* **Task requirements**:
Everything from the line containing "HALLS Honey Vanilla" to the end of the listing, both included, should be returned exactly, apart from the pictures.

* **Source data**:
[Start of Attachment]

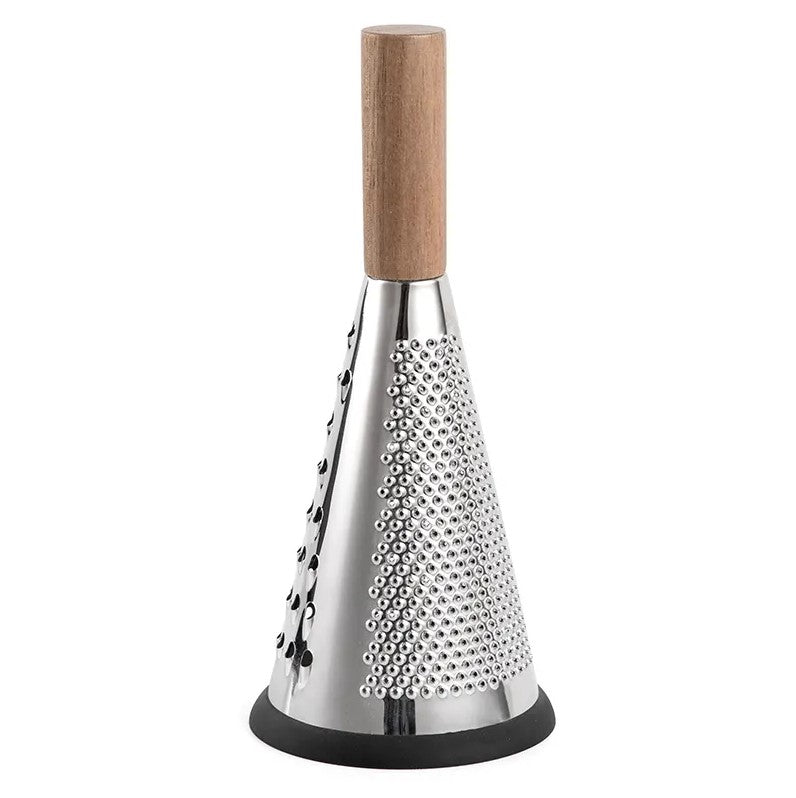 3-Sided Stainless Steel Cone Grater with Wooden Handle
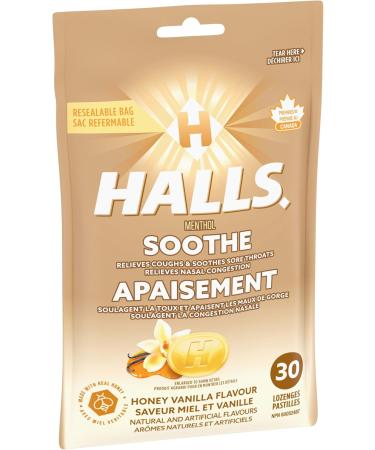 HALLS Honey Vanilla Flavour Cough Drops Throat Lozenges Sore Throat Relief Mentho-Lyptus 30 Lozenges Honey Vanilla 30 Count (Pack of 1) - Buy Online on GoSupps.com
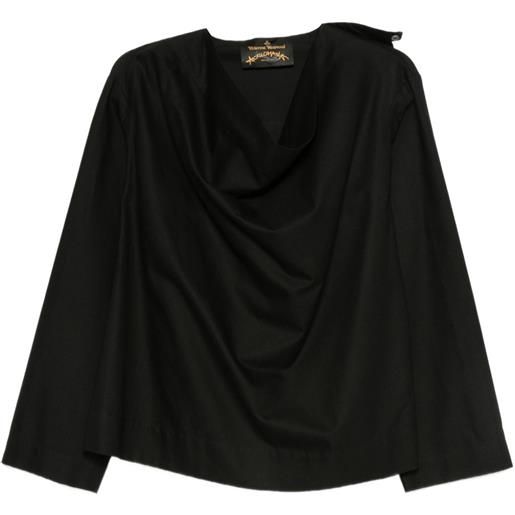 Vivienne Westwood Pre-Owned - blusa con scollo drappeggiato 2017 - donna - cotone - 40 - nero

[End of Attachment]

* **Result for this exercise**:
 HALLS Honey Vanilla Flavour Cough Drops Throat Lozenges Sore Throat Relief Mentho-Lyptus 30 Lozenges Honey Vanilla 30 Count (Pack of 1) - Buy Online on GoSupps.com
 Vivienne Westwood Pre-Owned - blusa con scollo drappeggiato 2017 - donna - cotone - 40 - nero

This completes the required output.